# Final Project

## Framing

**Introduction**: describe your dataset, and why you're interested in it

The dataset I will use for this study is a list of titles from a self-media company in China. More than ten thousand titles were retrieved online as well as the draft categories of these titles. 
I am interested in it because this company is the largest self-media source in China, mainly publishing pregnancy and early child-rearing short articles. Thus, through clustering these titles, I want to explore the most discussed topics in this area and validate the draft categories designed by the company.
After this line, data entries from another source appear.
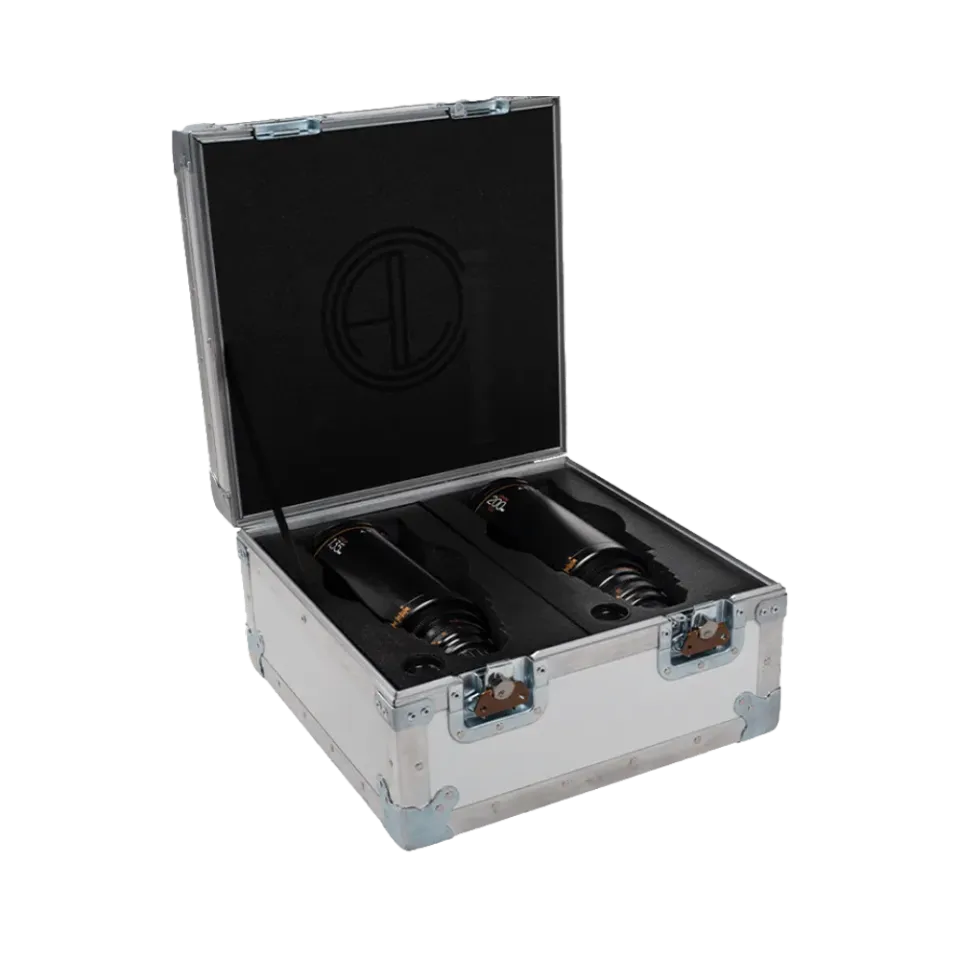 Atlas Orion Telephoto valise double objectif 135-200mm ATA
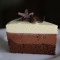 Special Chocolate Mousse Cake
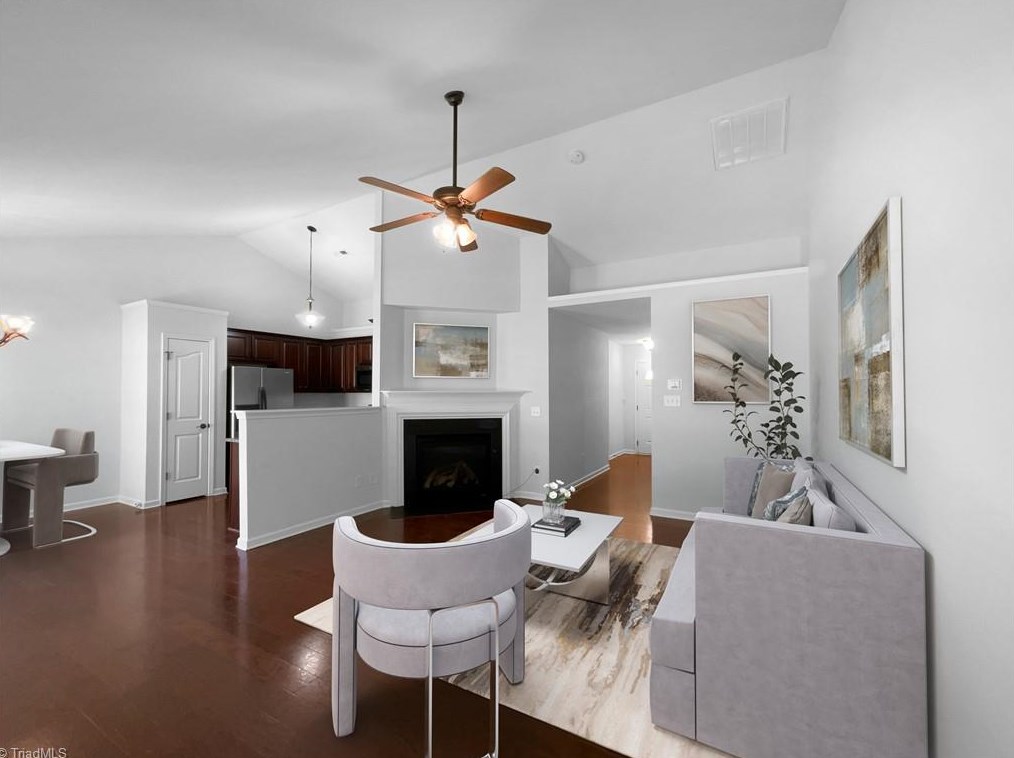 2620 Leighswood Dr, Winston Salem, NC 27106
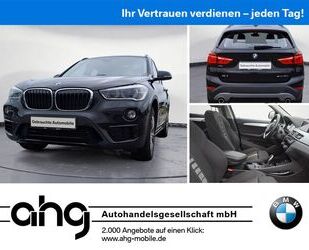 BMW X1 Gebrauchtwagen
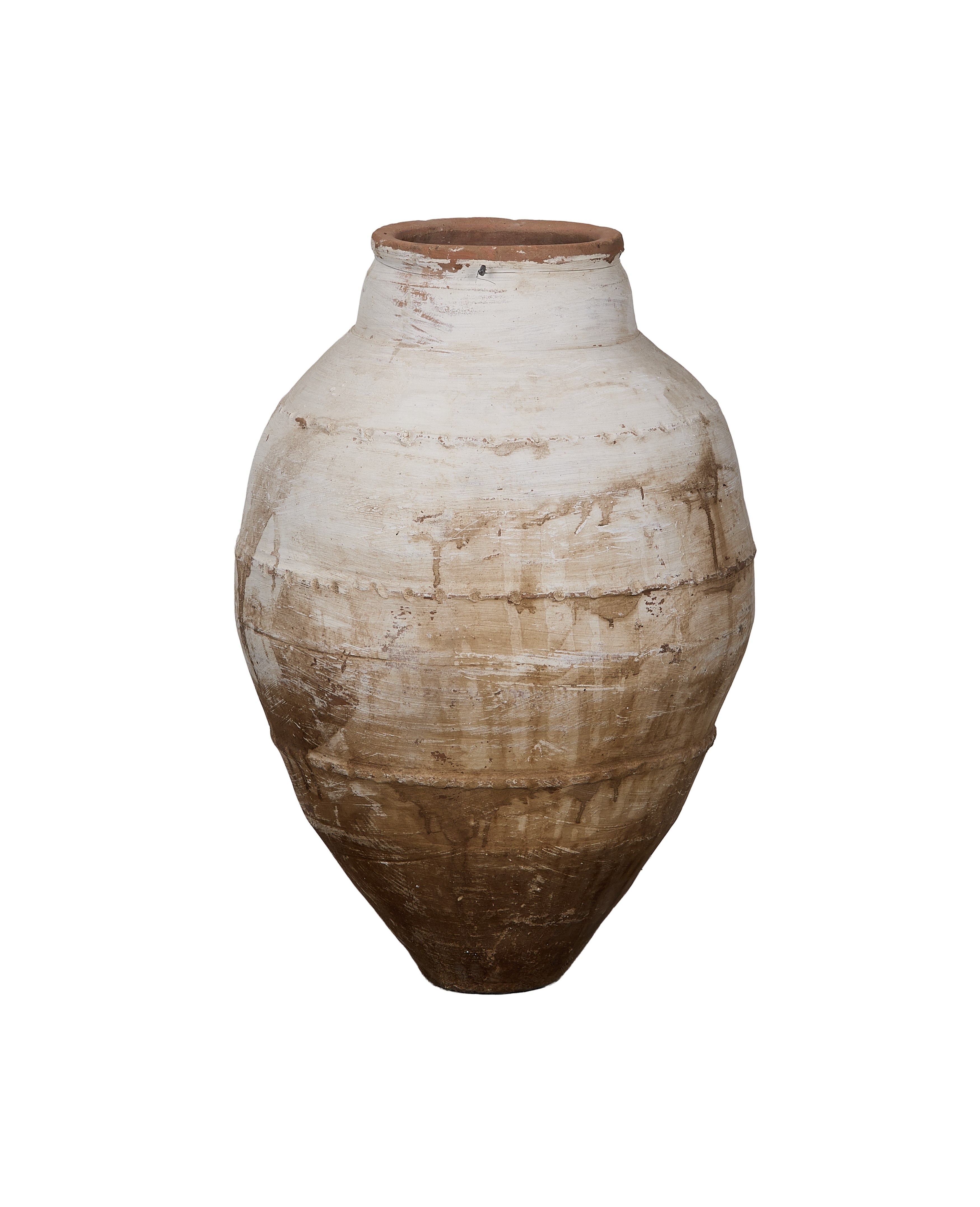 Olive Ateliers - Olive Jar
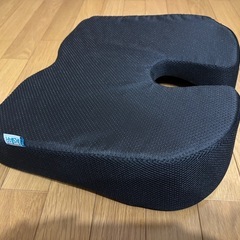 【無料】低反発イス用クッションの画像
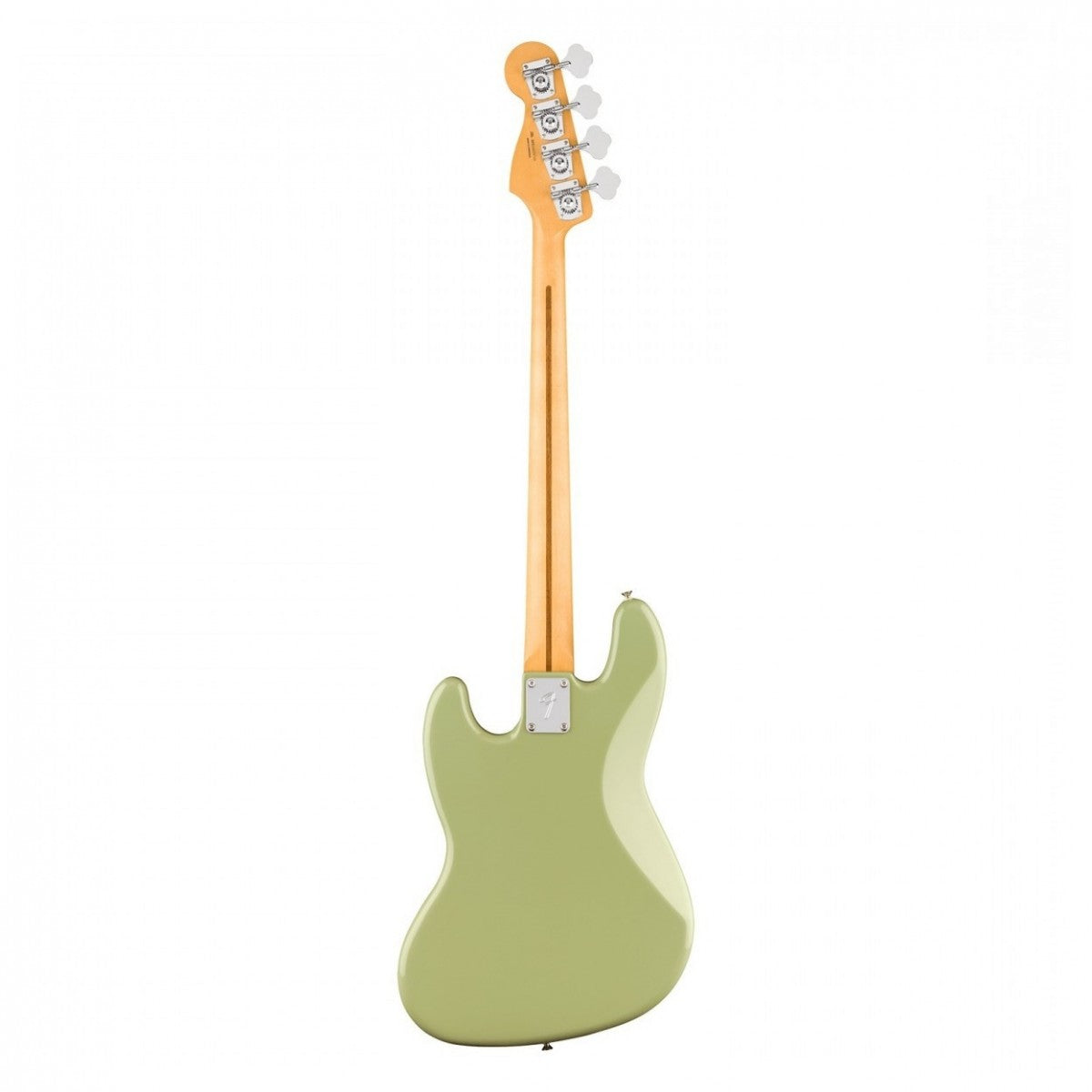 Đàn Guitar Bass Fender Player II Jazz Bass, Rosewood Fingerboard, Birch Green, #0140480565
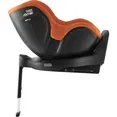 Автокрісло BRITAX-ROMER DUALFIX PRO M Golden Cognac — Photo 3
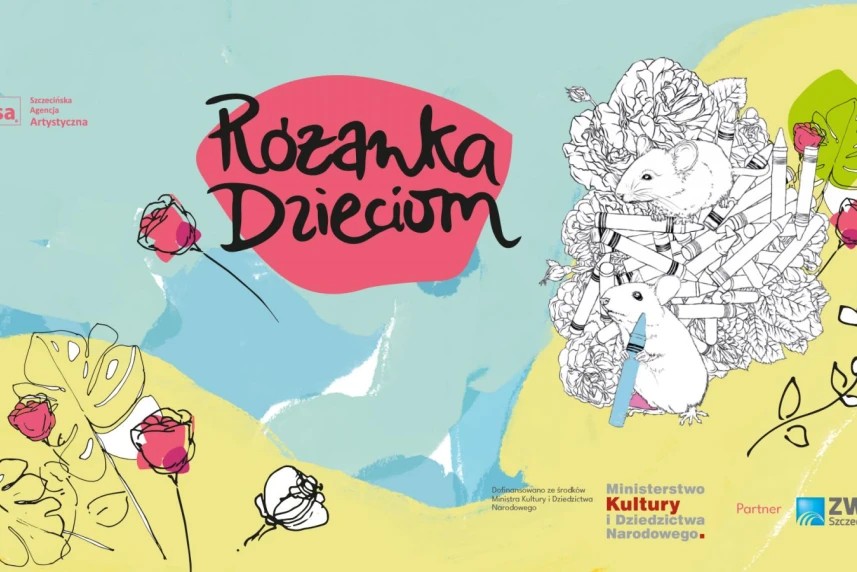 Niedziela w Ogrodzie i na Wyspie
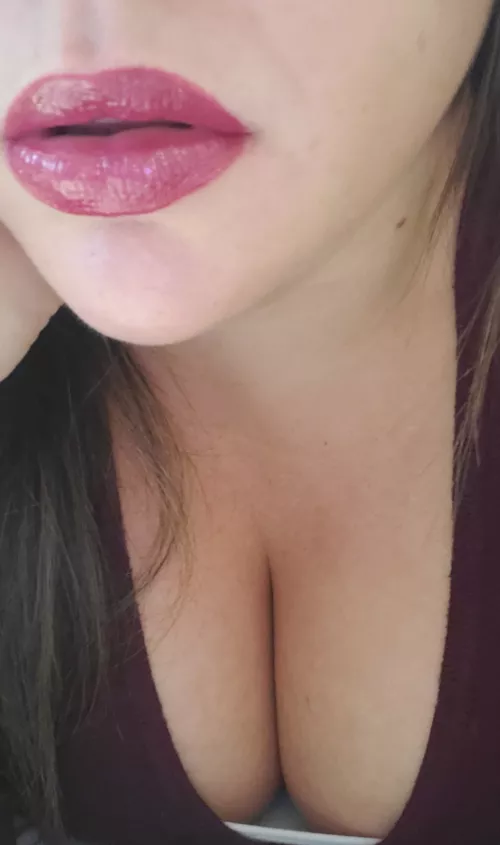 My lips My lips
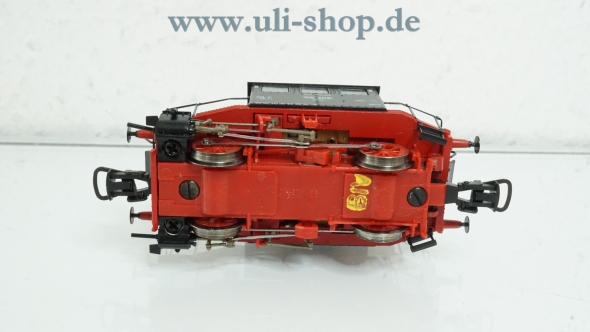 Roco H0 43255 Dampflok Gleichstrom analog Bild 3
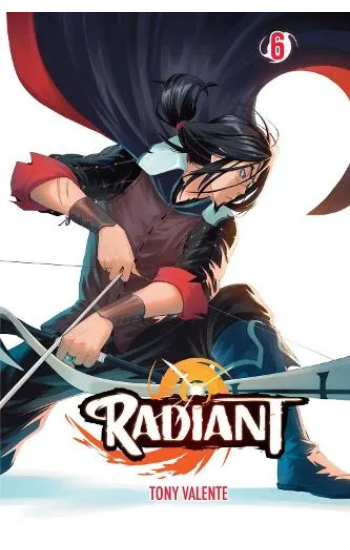 Radiant Vol. 06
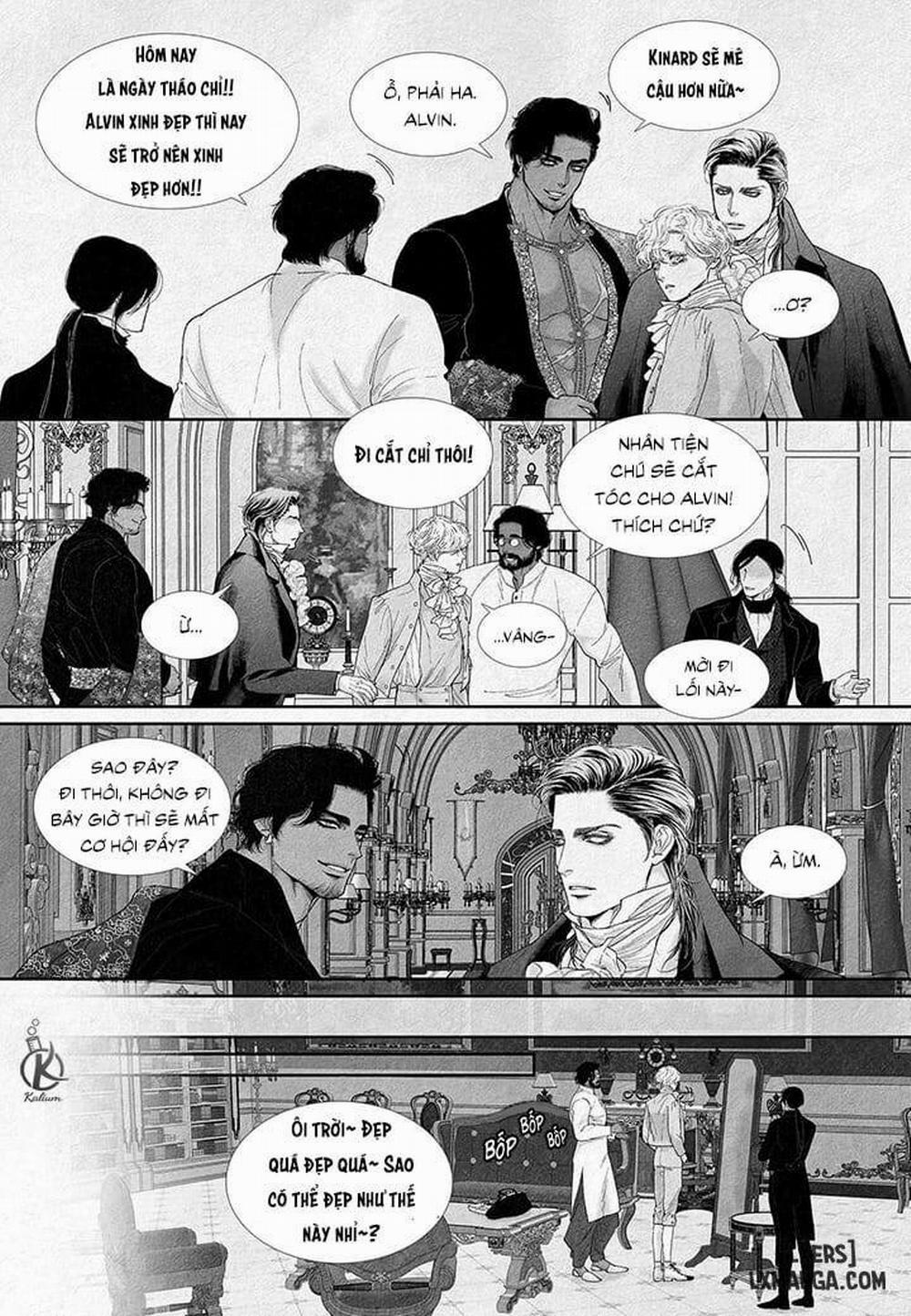 Vực sâu 25 trang 13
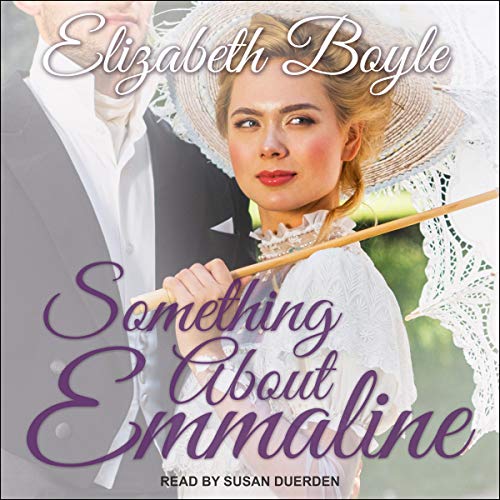 Elizabeth Boyle - Bachelor chronicles 01 Emmaline (2006)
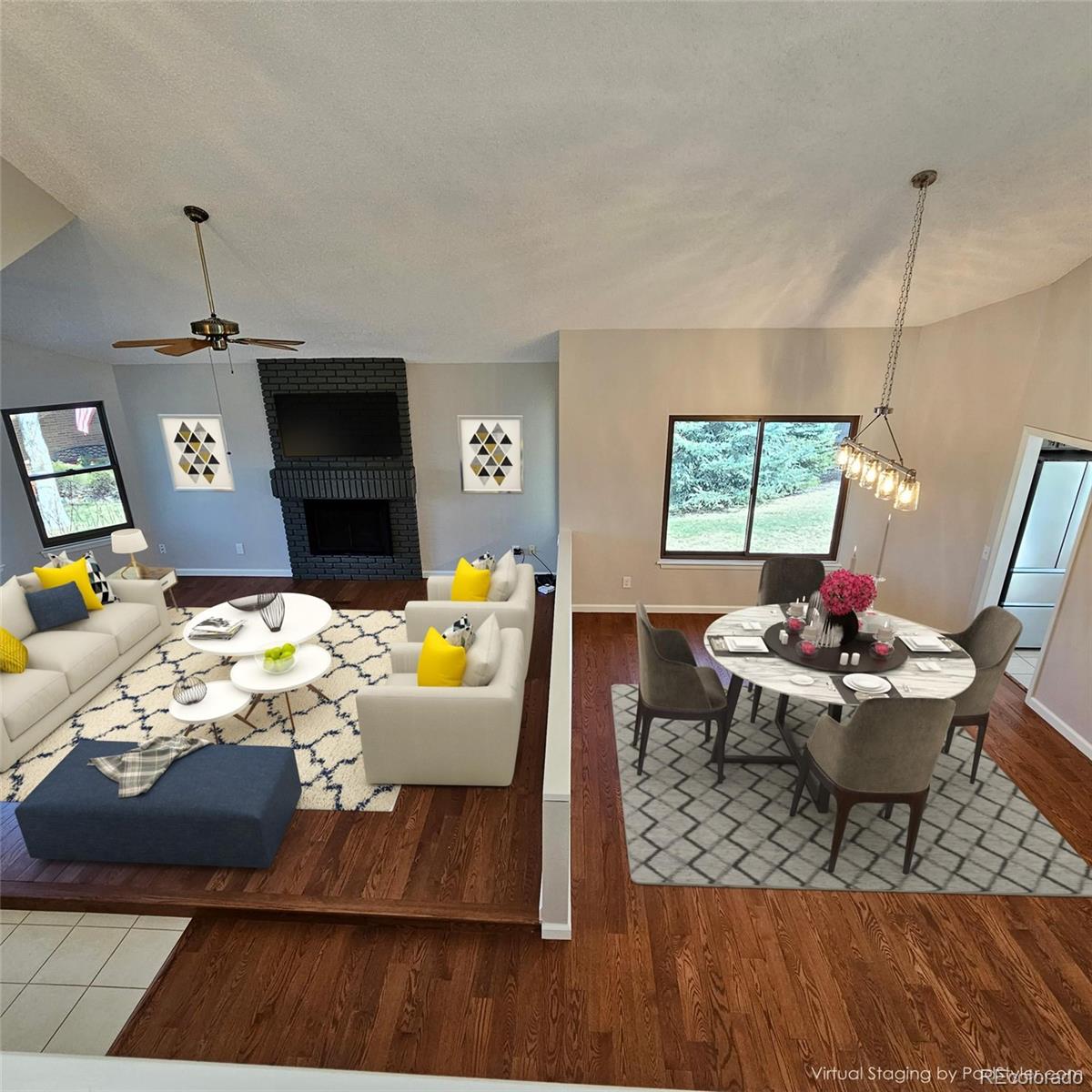 18 Brixham Court Castle Pines, CO 80108 - Photo 6 of 36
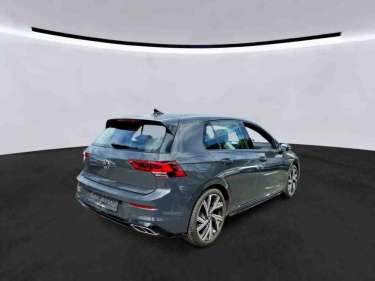 VW GOLF 8 1.5 TSI 130 R-Line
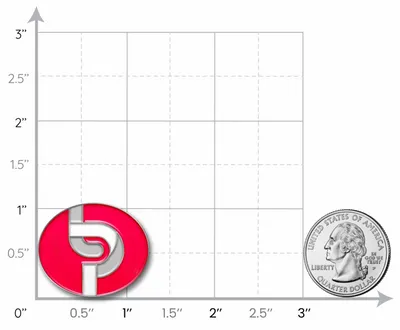 1.25 inch - Custom T-Shirt Today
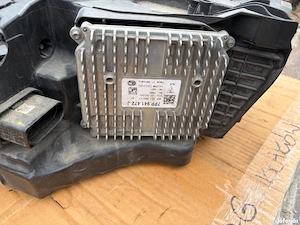 Audi A7 törött jobbos balos lámpa alkatrésznek,lámpa elektronika 7pp.941.472.J 28357971 4g0.907.697. - kép 5
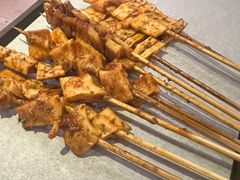 -望京小腰(北京总店)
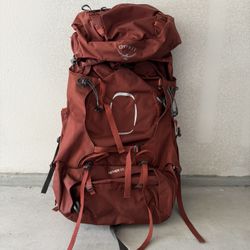 Osprey Aether 65 L/XL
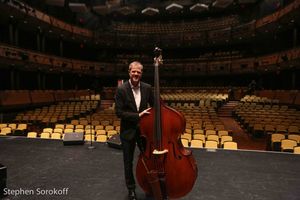 Steve Doyle @ BroadwayWorld Steve Doyle Photo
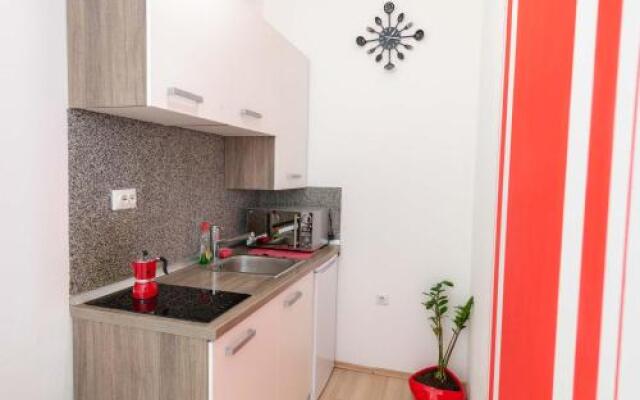 Apartments Trend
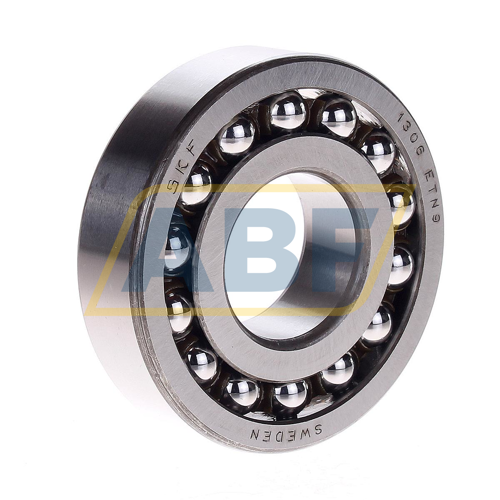1306ETN9 SKF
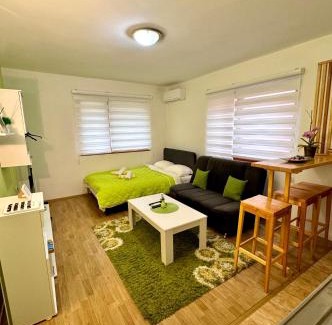 Visegrad Apartamento | Apartman Lola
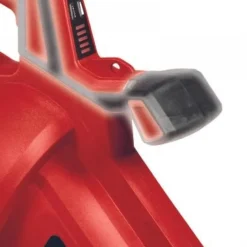 Aspirateur souffleur broyeur sans fil - VENTURRO 36/240 - Solo EINHELL PROFESSIONAL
**Research question(s)**: describe the overall research question of your project

What are the most discussed topics about pregnancy and early child-rearing through clustering the titles of article?

Can the clusters of titles validate the categorizations of the topics designed by the self-media company?

**Hypotheses**:
    * Describe 2-3 hypotheses that you're planning to test with your dataset
    * Each hypoteses should be based on academic research (cite a paper) and/or background knowledge that you have about the dataset if you've collected it yourself (e.g., if you've conducted interviews)
    * Each hypotheses should be formulated as an affirmation (and not a question)
    * You can also describe alternative hypotheses, if you think that your results could go either way (but again, have a rationale as for why)
    
    The clusters can reflect the most discussed topics.
    The clusters can validate the categorization, but more data is needed, such as the content of each article, in order to accurately validate the categorization.

**Results**:
    * how are you planning to test each hypothesis? What models are you thinking of using?
    * what are the best results you can hope for? Is that interesting / relevant for other researchers?
    * what are implications of your potential findings for practioners?
    
    K-means and DBScan will be the primary methods I will use in this study.
    The best results may be the correct validation of the categorization. More interestingly, if the clusters can reflect the frequency of each category, I can conclude that which category occurs the most.
    Consequently, the frequency of each category can be reported to the company so that they can write more articles that both interest parents and did not mention frequently.

**Threads**
    * Describe issues that might arise during the analyses above
    * Come up with backup plans in case you run into theses issues
    

## Data Exploration

Describe your raw data below; provide definition / explanations for the measures you're using

## Data Cleaning

Clean you data in this section, and make sure it's ready to be analyzed for next week!

In [None]:
# Preview of all functions

#Import data
documents = import_data(Content.txt)

# Create a dataframe that is exact same as the txt
df = create_dataframe(documents)

# Clean the dataframe and create a list of titles ready to be used
wordlists = clean_data_create_wordlists(df)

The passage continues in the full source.